**Data shown:**
--

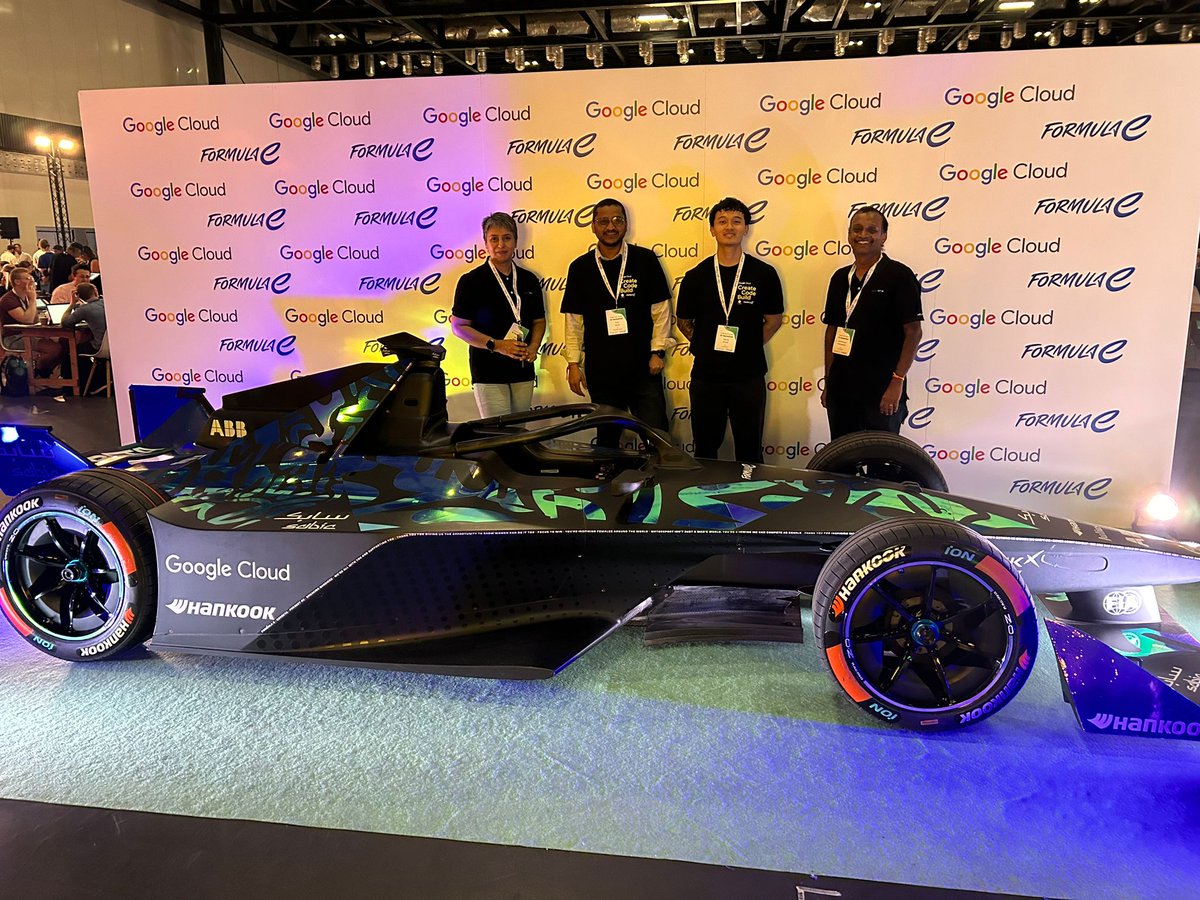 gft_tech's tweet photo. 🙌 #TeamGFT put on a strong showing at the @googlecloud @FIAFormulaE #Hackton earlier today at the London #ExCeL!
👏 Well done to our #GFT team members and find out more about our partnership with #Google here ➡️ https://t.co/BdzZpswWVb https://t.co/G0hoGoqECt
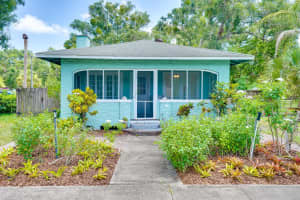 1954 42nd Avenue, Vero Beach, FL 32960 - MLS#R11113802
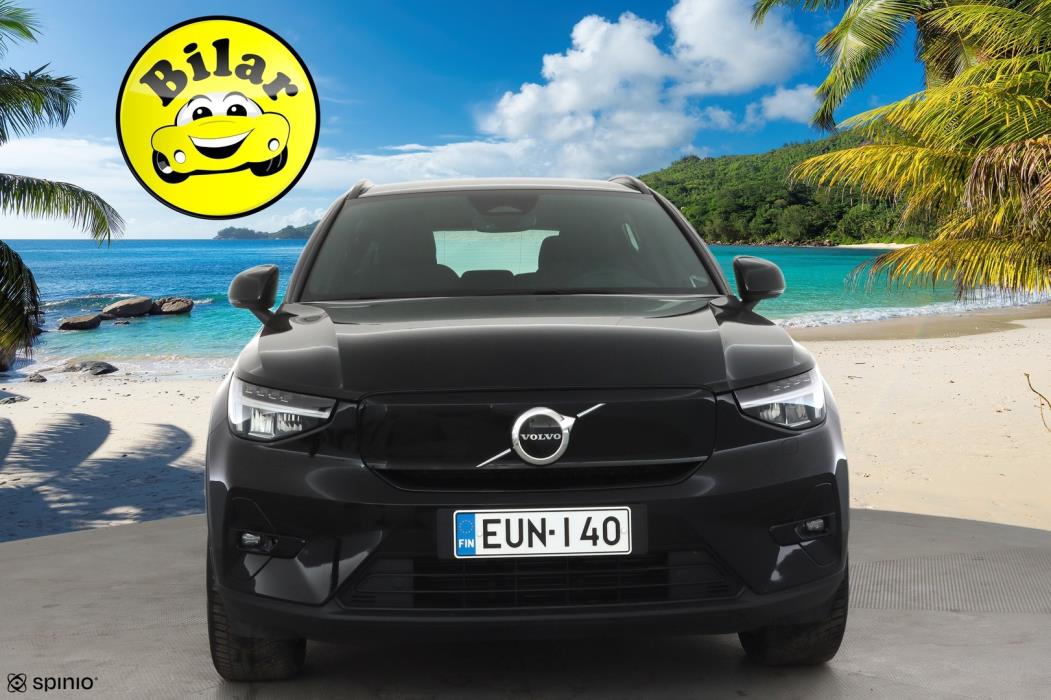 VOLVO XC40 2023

--

**Task statement:** Reproduce word for word the lines from the line holding "1954 42nd Avenue, Vero" through the last line of the material above, inclusive, and keep pictures out of it.

**Exercise solution:**
 1954 42nd Avenue, Vero Beach, FL 32960 - MLS#R11113802
 VOLVO XC40 2023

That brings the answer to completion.